- **Work request**
For this task, extract exactly the lines of the data below, from the line containing "Craft Glue Bottle" through the last one, with pictures left out.

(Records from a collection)
___

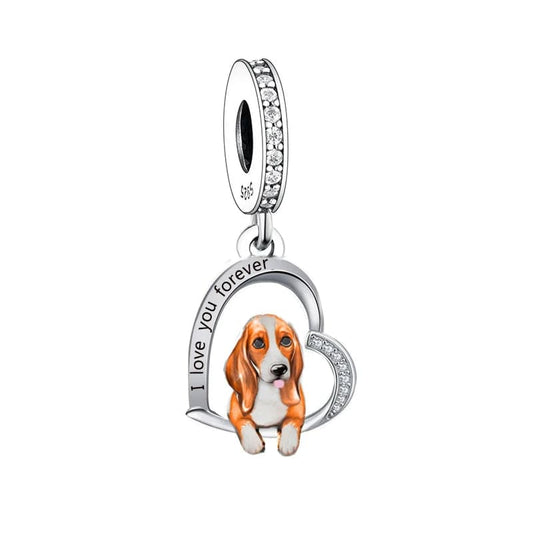 Pangama Jewelry Charm Basset Hound Dog Charm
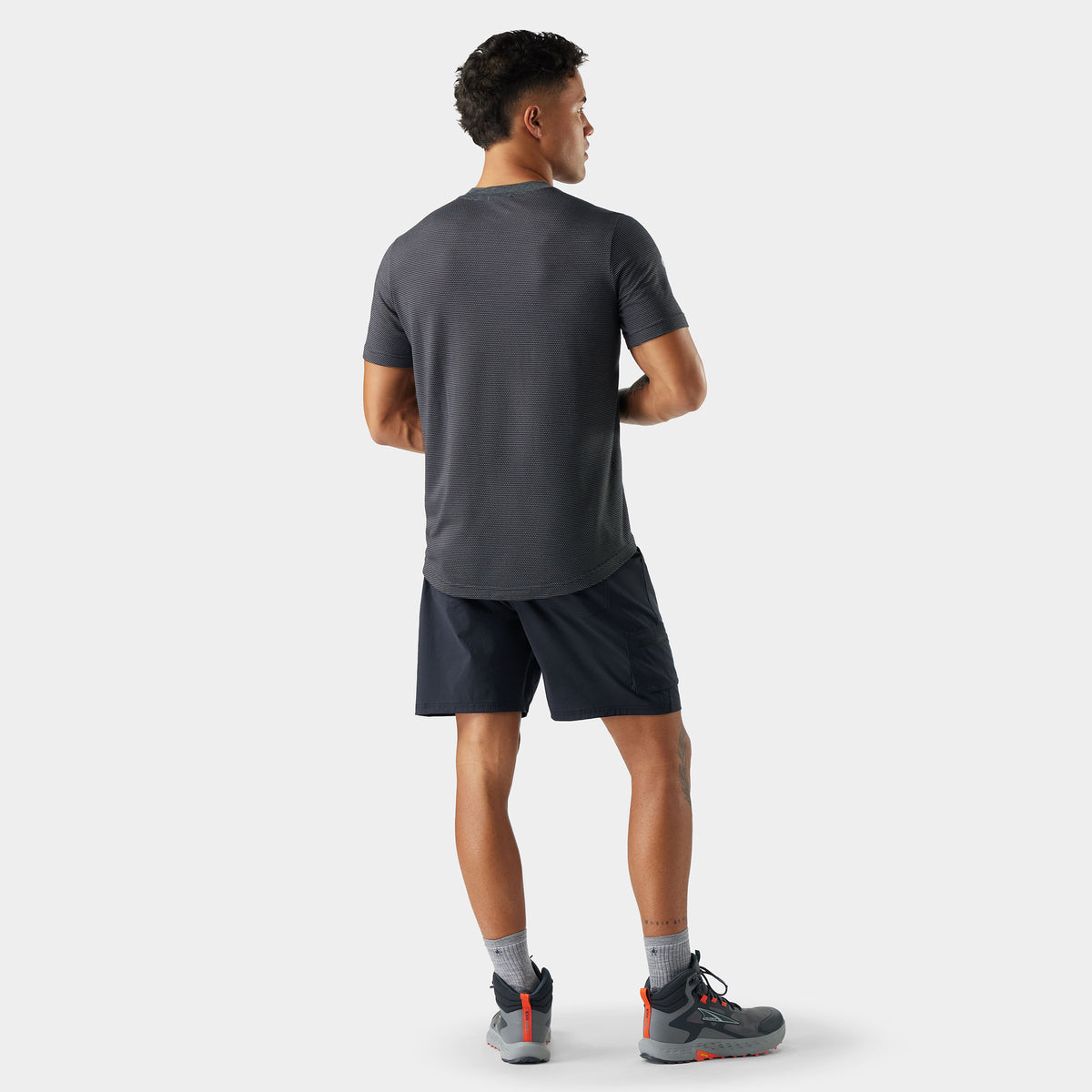 Men's Merino 7" Cargo Hike Short Black - ver - 2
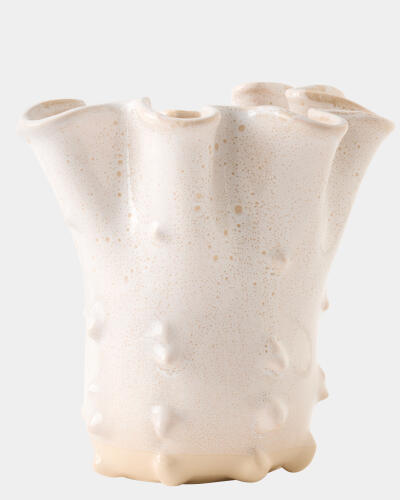 Fazzoletto Vase-Beige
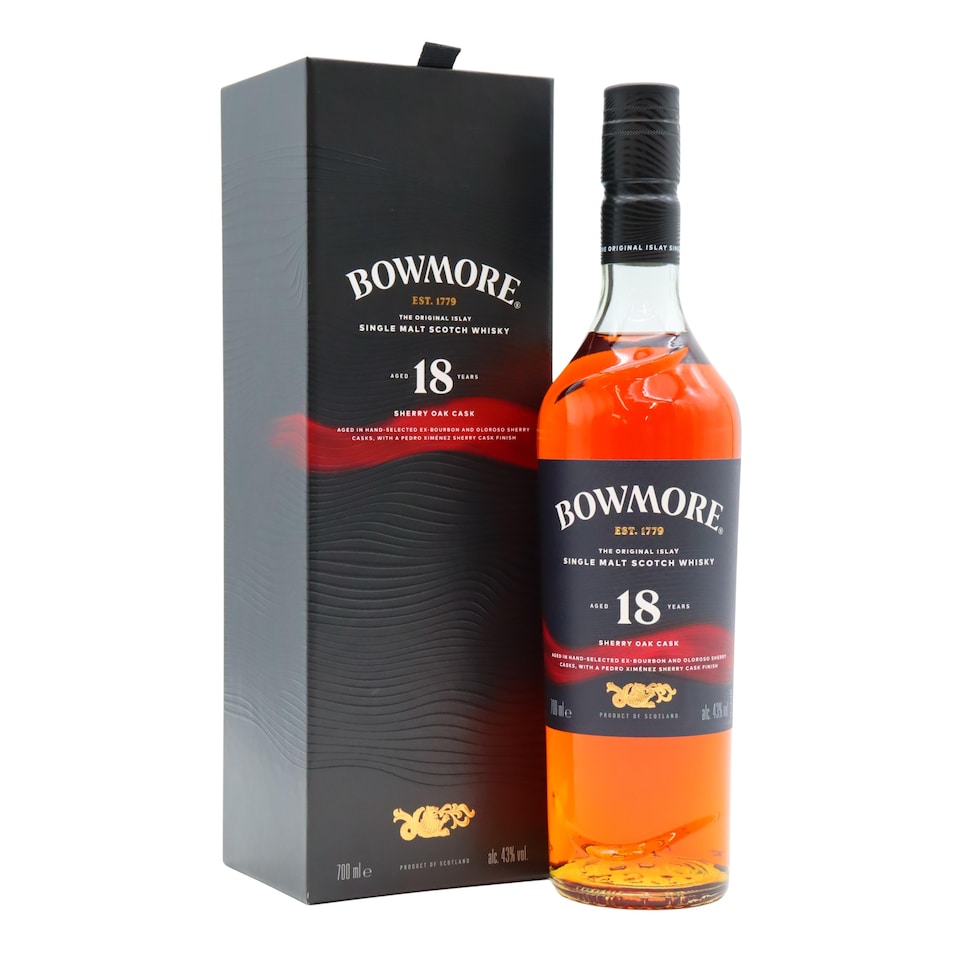 Bowmore - Sherry Oak Collection Islay Single Malt Scotch 18 year old Whisky | Multi | New | Fruity notes with a gentle peaty flavour | 700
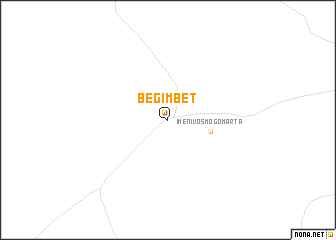 map of Begimbet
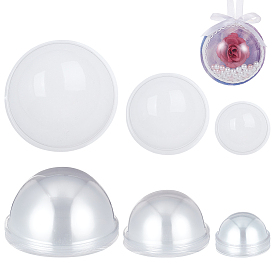 40 шт. 3 стили прозрачный купол из ПВХ, растительный декор террариума, полукруглый, бутылка желаний для витрины своими руками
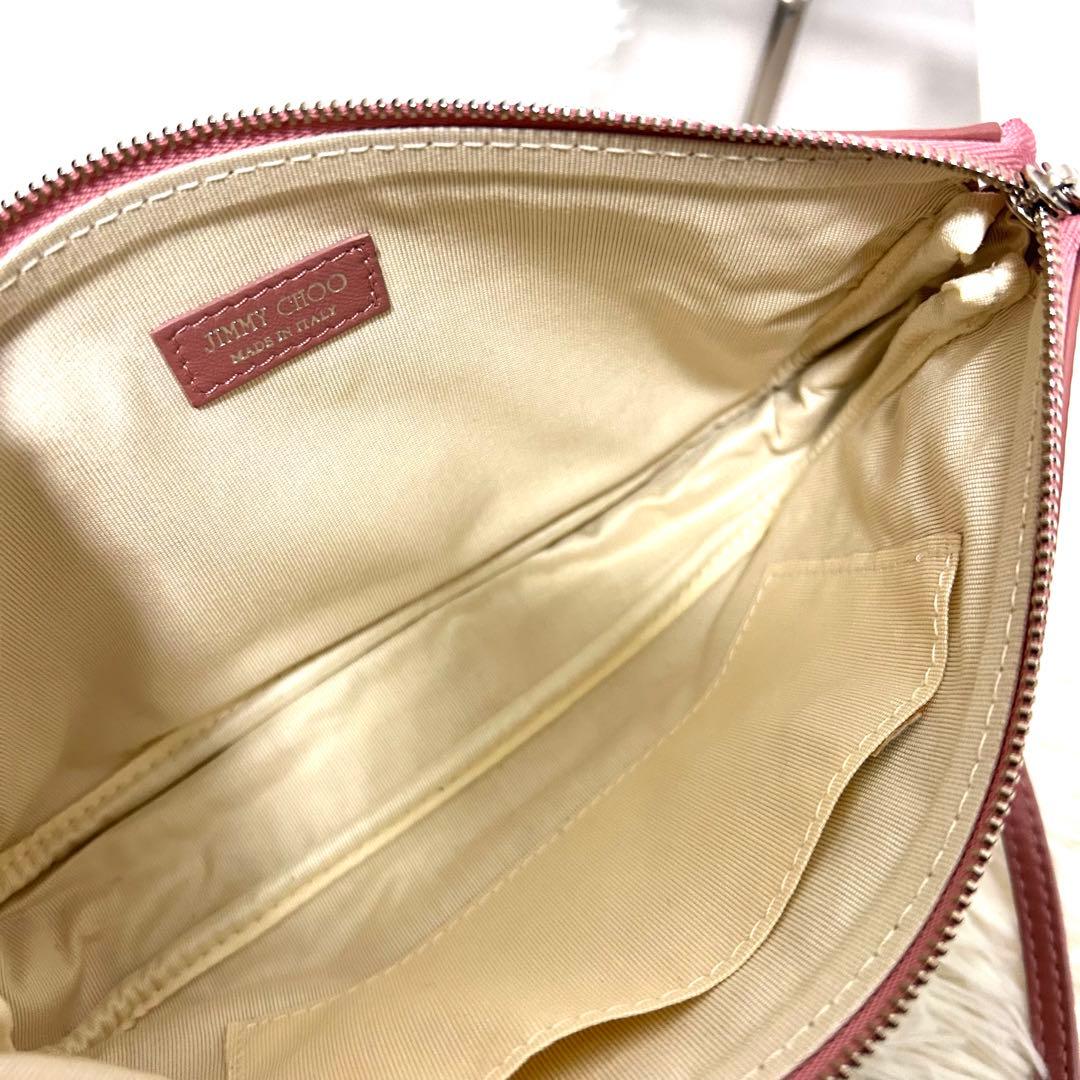 美品　ギャランティカード付き　jimmy choo レザー　アクセサリーポーチ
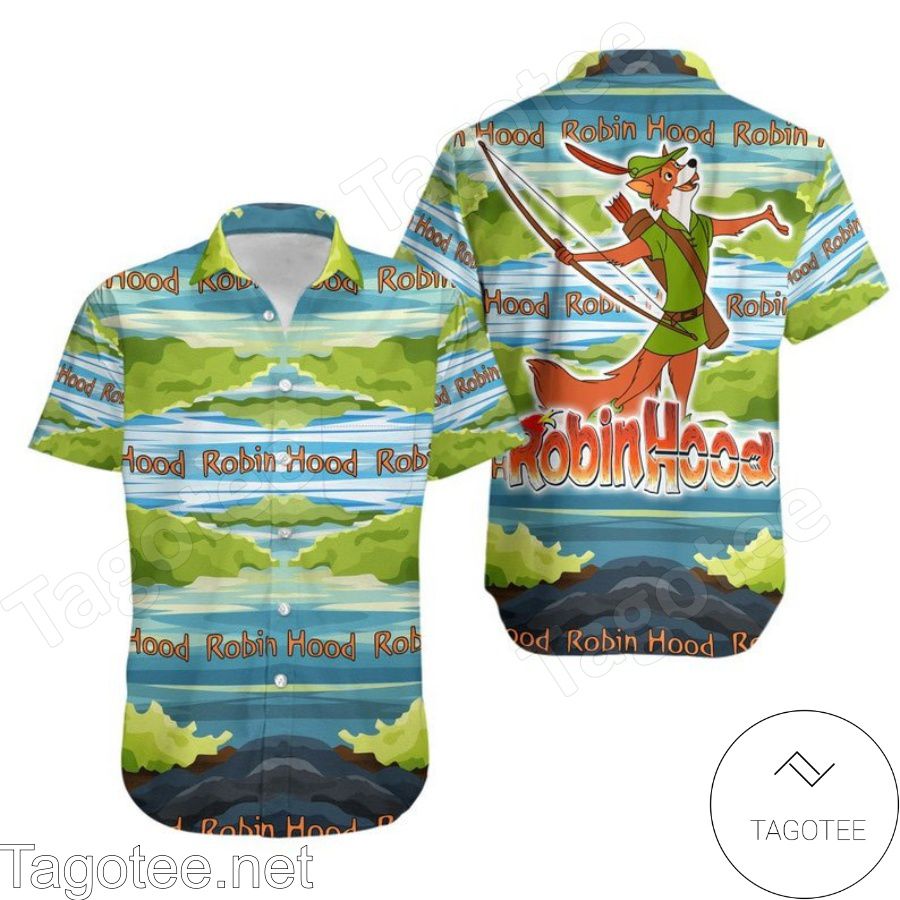 Robin Hood Green Land Disney Hawaiian Shirt And Short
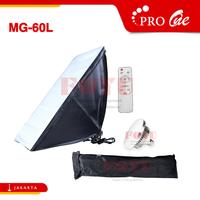 Gambar LED Studio Light With Softbox 50x70cm Pro One MG-60L dari Foyu Photo Jakarta undefined 5 Tokopedia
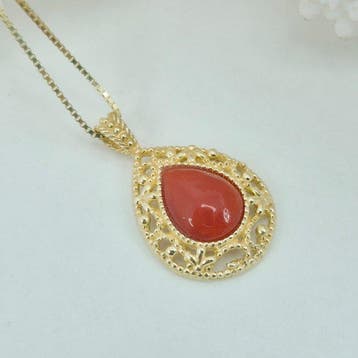 Koraal - Zilver, Verguld, Zonder reservering - Ketting met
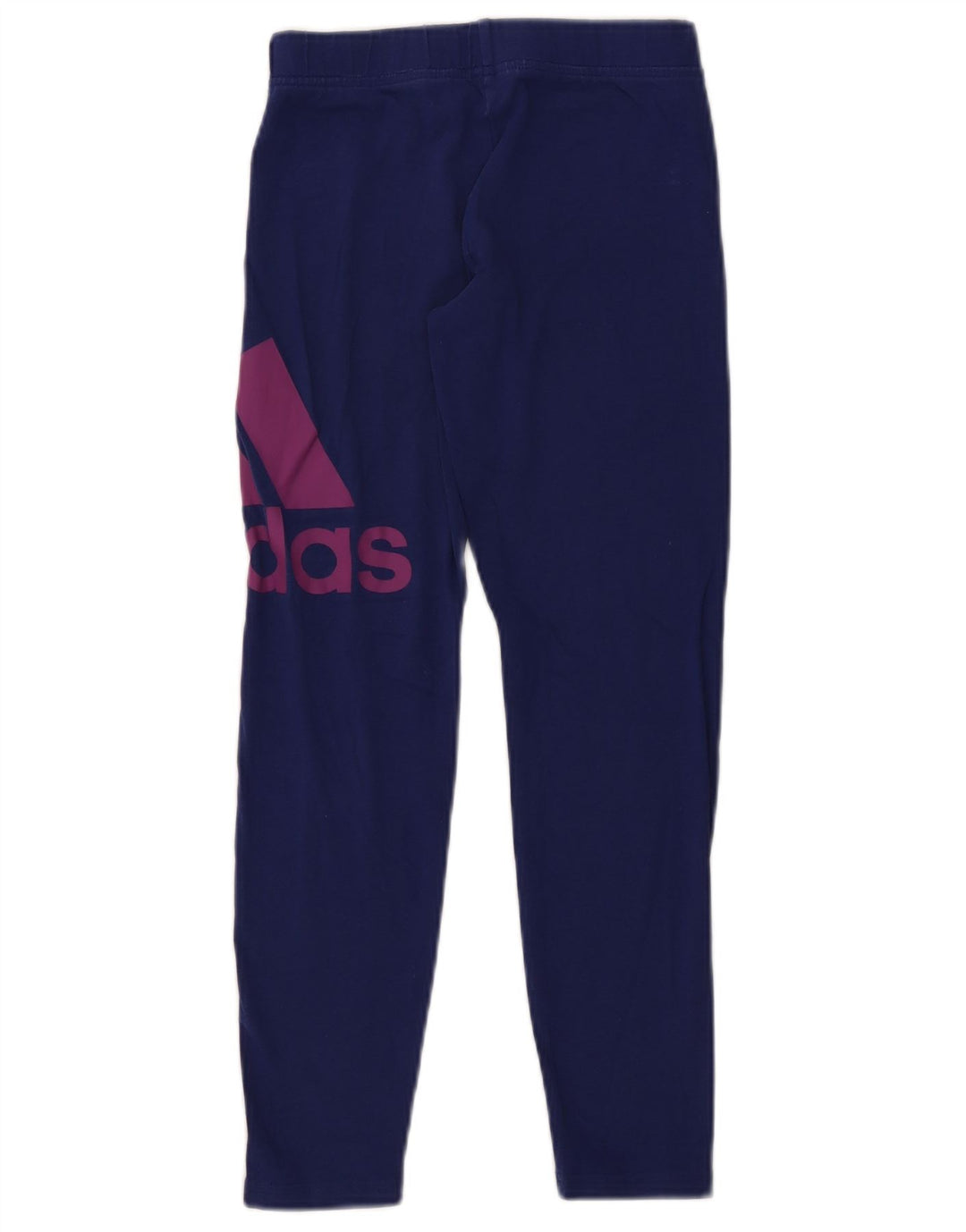 Leggings grafici Adidas per ragazze 11-12 anni blu navy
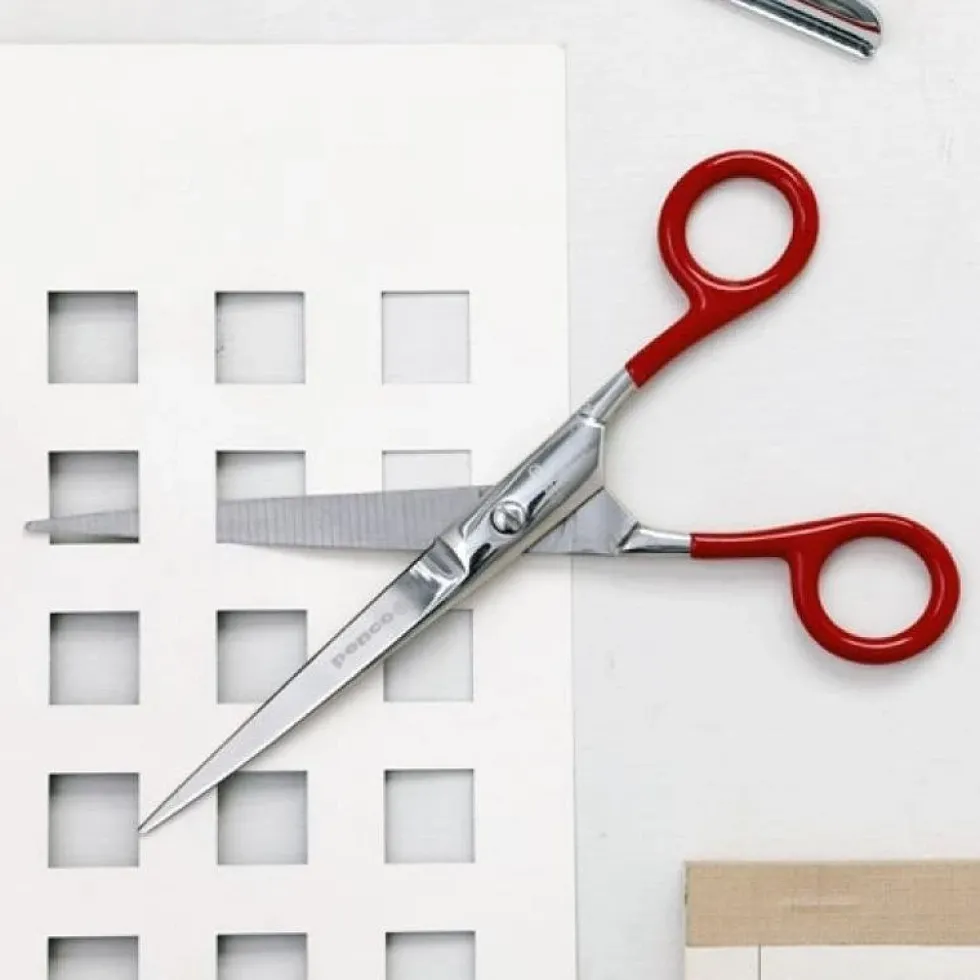 Stainless Steel Scissors L Ivory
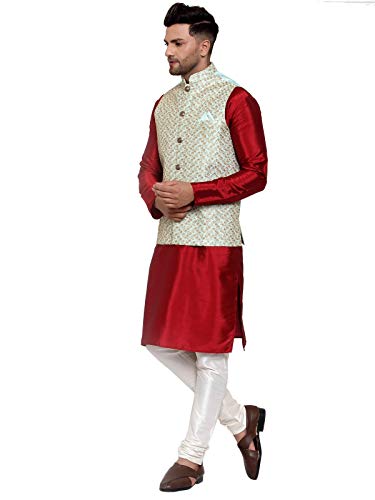 Image of Jompers Men Embroidered Waistcoats /Nehru jeckets.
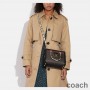 Coach Grace Carryall İmzalı Kanvas ve Yılan Derisi Haki/Bordo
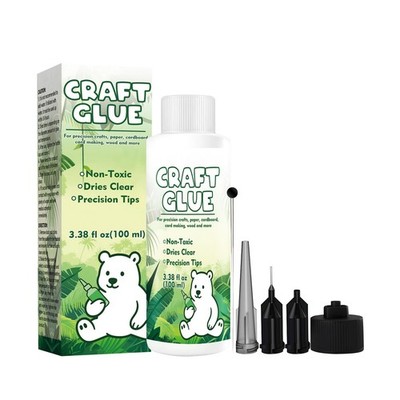 Craft Glue Bottle with Fine Tip, Craft Glue Quick Dry Clear for... Fast USA SHIP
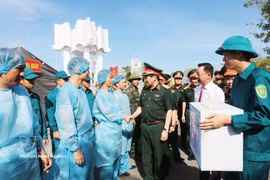 广宁省完成烈士遗骸DNA取样工作。图自越通社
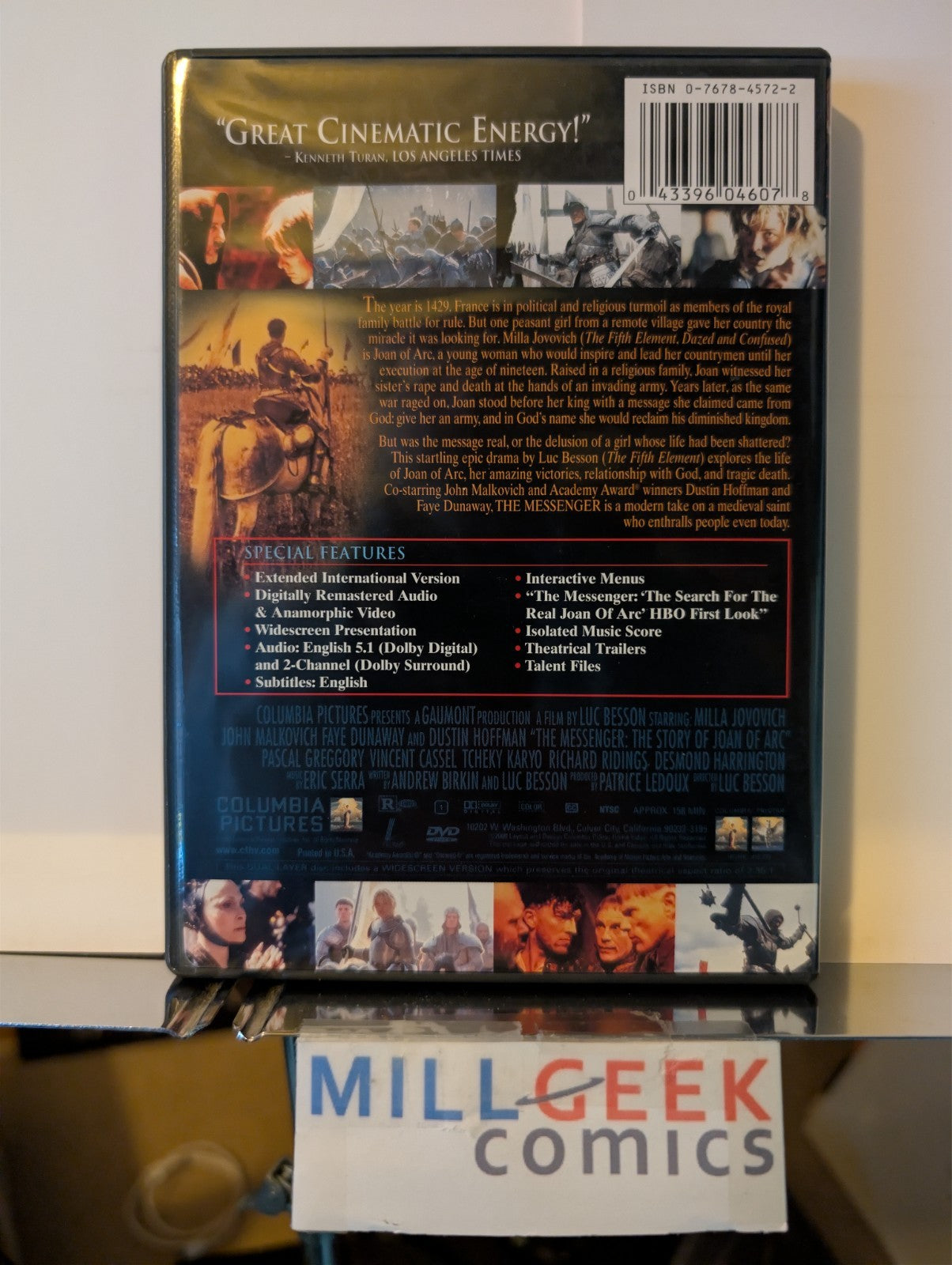 Medieval  4 Movie Lot - Lion in Winter, Hamlet, Joan of Arc, Messenger (DVD) -JD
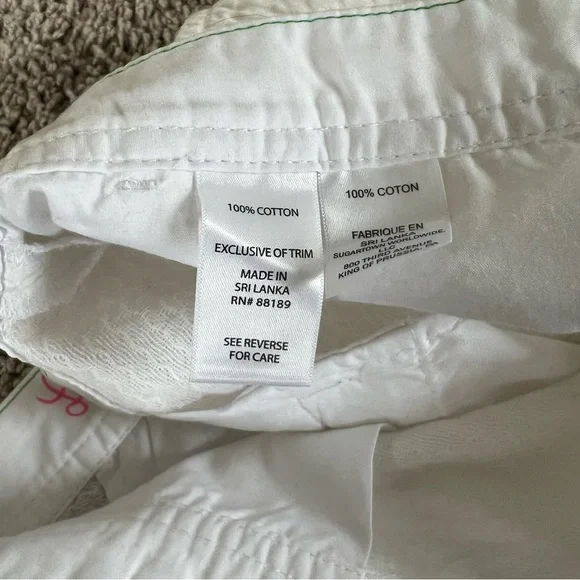 {Lilly Pulitzer} White Scalloped Buttercup Shorts - Picture 10 of 10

___

- **Solution below**
 Craft Glue Bottle with Fine Tip, Craft Glue Quick Dry Clear for... Fast USA SHIP
 广宁省完成烈士遗骸DNA取样工作。图自越通社
 Medieval  4 Movie Lot - Lion in Winter, Hamlet, Joan of Arc, Messenger (DVD) -JD
 {Lilly Pulitzer} White Scalloped Buttercup Shorts - Picture 10 of 10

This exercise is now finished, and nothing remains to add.